Excerpted records >>
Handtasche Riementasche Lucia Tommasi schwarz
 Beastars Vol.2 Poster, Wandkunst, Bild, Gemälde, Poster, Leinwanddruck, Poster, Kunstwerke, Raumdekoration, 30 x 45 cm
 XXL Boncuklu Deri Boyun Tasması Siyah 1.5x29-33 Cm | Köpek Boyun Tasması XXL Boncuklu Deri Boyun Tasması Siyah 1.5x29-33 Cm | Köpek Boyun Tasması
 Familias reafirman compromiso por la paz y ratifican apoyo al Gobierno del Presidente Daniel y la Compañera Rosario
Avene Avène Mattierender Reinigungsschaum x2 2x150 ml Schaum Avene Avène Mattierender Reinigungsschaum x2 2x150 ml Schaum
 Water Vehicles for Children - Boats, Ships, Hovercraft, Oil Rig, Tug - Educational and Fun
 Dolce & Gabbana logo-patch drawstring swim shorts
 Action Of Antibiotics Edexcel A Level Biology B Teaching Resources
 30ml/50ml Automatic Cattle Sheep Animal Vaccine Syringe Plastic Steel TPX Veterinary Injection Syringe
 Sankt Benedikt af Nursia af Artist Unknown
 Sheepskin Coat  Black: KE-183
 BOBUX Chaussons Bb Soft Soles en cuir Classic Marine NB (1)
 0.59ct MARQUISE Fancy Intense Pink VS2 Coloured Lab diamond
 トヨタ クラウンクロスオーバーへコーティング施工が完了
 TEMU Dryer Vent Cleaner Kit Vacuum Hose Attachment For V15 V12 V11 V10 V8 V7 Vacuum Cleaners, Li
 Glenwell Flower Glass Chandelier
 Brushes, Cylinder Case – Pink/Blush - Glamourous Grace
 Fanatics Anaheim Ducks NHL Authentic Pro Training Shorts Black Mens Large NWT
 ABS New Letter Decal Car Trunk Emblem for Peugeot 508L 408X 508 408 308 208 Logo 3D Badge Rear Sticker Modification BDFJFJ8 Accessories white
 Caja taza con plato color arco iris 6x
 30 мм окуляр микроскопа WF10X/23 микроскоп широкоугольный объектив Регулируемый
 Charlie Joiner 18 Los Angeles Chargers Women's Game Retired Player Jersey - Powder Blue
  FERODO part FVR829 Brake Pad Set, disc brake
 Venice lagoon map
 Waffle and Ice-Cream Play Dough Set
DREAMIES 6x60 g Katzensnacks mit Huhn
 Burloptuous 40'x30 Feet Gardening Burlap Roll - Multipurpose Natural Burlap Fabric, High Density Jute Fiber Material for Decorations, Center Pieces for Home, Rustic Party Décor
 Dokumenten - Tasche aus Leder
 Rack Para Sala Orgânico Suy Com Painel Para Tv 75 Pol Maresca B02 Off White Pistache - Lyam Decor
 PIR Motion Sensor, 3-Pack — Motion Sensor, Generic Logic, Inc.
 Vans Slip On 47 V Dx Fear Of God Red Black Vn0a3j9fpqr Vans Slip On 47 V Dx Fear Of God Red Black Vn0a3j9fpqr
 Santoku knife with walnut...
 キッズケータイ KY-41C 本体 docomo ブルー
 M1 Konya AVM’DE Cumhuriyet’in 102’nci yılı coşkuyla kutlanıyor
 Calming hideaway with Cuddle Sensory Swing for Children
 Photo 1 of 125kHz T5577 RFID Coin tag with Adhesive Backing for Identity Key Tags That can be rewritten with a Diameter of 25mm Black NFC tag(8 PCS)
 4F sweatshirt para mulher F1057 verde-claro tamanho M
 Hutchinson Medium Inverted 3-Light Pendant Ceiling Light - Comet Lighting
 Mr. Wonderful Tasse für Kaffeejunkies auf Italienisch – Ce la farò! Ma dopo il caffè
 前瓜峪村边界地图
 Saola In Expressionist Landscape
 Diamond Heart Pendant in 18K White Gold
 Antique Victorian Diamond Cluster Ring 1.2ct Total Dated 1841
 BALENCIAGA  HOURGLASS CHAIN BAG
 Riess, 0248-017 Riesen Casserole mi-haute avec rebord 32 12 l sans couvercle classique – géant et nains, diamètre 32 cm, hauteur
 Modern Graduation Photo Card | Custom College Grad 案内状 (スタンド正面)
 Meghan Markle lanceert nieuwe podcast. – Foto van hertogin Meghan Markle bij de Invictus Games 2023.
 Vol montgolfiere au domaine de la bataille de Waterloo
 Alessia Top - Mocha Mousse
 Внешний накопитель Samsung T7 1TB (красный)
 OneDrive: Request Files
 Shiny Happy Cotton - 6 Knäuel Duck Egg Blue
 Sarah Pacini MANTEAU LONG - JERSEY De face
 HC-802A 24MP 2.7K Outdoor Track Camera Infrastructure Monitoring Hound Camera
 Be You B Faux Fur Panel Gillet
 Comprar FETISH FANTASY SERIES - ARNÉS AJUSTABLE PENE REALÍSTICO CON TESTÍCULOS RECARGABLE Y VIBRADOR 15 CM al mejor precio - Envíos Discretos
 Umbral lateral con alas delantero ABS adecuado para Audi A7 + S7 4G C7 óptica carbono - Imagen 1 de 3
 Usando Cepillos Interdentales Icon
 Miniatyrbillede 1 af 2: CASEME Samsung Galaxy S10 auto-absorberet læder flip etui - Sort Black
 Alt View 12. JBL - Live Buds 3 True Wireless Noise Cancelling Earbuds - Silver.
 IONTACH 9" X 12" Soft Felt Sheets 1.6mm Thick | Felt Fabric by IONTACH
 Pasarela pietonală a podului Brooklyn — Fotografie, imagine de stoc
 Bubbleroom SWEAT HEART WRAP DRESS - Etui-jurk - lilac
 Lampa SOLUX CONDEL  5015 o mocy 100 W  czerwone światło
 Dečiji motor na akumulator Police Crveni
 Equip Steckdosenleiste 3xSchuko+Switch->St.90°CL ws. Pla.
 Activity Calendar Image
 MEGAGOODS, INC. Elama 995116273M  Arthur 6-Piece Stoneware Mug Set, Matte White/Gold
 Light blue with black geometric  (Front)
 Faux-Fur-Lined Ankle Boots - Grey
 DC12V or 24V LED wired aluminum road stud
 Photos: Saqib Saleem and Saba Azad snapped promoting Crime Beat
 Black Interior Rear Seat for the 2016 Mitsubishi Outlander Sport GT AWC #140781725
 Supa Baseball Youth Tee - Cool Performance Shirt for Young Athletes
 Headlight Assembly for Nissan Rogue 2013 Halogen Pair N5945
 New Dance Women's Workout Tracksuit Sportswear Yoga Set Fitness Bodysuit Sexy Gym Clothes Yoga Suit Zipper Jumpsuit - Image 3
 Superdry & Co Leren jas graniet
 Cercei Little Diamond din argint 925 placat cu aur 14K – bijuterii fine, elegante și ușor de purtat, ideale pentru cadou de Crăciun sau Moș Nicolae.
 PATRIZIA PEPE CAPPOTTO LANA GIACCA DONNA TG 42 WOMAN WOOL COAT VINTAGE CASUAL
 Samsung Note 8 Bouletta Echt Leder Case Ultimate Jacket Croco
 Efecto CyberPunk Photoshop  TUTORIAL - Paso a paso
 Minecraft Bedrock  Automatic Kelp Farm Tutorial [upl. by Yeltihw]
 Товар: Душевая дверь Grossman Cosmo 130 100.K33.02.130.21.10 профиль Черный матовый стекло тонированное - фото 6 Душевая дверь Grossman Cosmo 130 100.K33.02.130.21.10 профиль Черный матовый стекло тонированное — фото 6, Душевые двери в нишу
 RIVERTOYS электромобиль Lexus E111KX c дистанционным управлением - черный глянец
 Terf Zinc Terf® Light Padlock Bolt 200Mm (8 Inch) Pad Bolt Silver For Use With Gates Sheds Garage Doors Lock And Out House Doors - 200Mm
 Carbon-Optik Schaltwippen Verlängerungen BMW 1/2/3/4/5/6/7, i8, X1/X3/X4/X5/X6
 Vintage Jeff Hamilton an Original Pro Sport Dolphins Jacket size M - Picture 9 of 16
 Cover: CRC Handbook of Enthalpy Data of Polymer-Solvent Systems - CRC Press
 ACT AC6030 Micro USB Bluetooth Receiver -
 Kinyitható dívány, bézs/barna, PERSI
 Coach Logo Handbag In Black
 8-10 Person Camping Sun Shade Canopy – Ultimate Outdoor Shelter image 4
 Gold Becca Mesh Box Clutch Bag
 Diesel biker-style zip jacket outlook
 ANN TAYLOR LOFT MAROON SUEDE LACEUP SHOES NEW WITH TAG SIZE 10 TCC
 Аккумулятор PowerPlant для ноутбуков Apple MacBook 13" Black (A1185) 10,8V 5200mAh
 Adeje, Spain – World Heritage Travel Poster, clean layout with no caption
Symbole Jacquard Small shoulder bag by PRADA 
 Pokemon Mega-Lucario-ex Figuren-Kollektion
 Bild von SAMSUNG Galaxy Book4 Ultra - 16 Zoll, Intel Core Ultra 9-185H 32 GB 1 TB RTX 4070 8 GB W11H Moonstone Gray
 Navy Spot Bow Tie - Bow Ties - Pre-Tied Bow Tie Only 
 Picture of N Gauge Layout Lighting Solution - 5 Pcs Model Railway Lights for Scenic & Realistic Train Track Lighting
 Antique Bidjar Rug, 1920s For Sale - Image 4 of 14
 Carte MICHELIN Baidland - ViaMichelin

Requirement >>
Return only the part of the records above that opens with the line containing "Burloptuous 40'x30 Feet" and closes with the line containing "Meghan Markle lanceert", ends included.

Reply >>
 Burloptuous 40'x30 Feet Gardening Burlap Roll - Multipurpose Natural Burlap Fabric, High Density Jute Fiber Material for Decorations, Center Pieces for Home, Rustic Party Décor
 Dokumenten - Tasche aus Leder
 Rack Para Sala Orgânico Suy Com Painel Para Tv 75 Pol Maresca B02 Off White Pistache - Lyam Decor
 PIR Motion Sensor, 3-Pack — Motion Sensor, Generic Logic, Inc.
 Vans Slip On 47 V Dx Fear Of God Red Black Vn0a3j9fpqr Vans Slip On 47 V Dx Fear Of God Red Black Vn0a3j9fpqr
 Santoku knife with walnut...
 キッズケータイ KY-41C 本体 docomo ブルー
 M1 Konya AVM’DE Cumhuriyet’in 102’nci yılı coşkuyla kutlanıyor
 Calming hideaway with Cuddle Sensory Swing for Children
 Photo 1 of 125kHz T5577 RFID Coin tag with Adhesive Backing for Identity Key Tags That can be rewritten with a Diameter of 25mm Black NFC tag(8 PCS)
 4F sweatshirt para mulher F1057 verde-claro tamanho M
 Hutchinson Medium Inverted 3-Light Pendant Ceiling Light - Comet Lighting
 Mr. Wonderful Tasse für Kaffeejunkies auf Italienisch – Ce la farò! Ma dopo il caffè
 前瓜峪村边界地图
 Saola In Expressionist Landscape
 Diamond Heart Pendant in 18K White Gold
 Antique Victorian Diamond Cluster Ring 1.2ct Total Dated 1841
 BALENCIAGA  HOURGLASS CHAIN BAG
 Riess, 0248-017 Riesen Casserole mi-haute avec rebord 32 12 l sans couvercle classique – géant et nains, diamètre 32 cm, hauteur
 Modern Graduation Photo Card | Custom College Grad 案内状 (スタンド正面)
 Meghan Markle lanceert nieuwe podcast. – Foto van hertogin Meghan Markle bij de Invictus Games 2023.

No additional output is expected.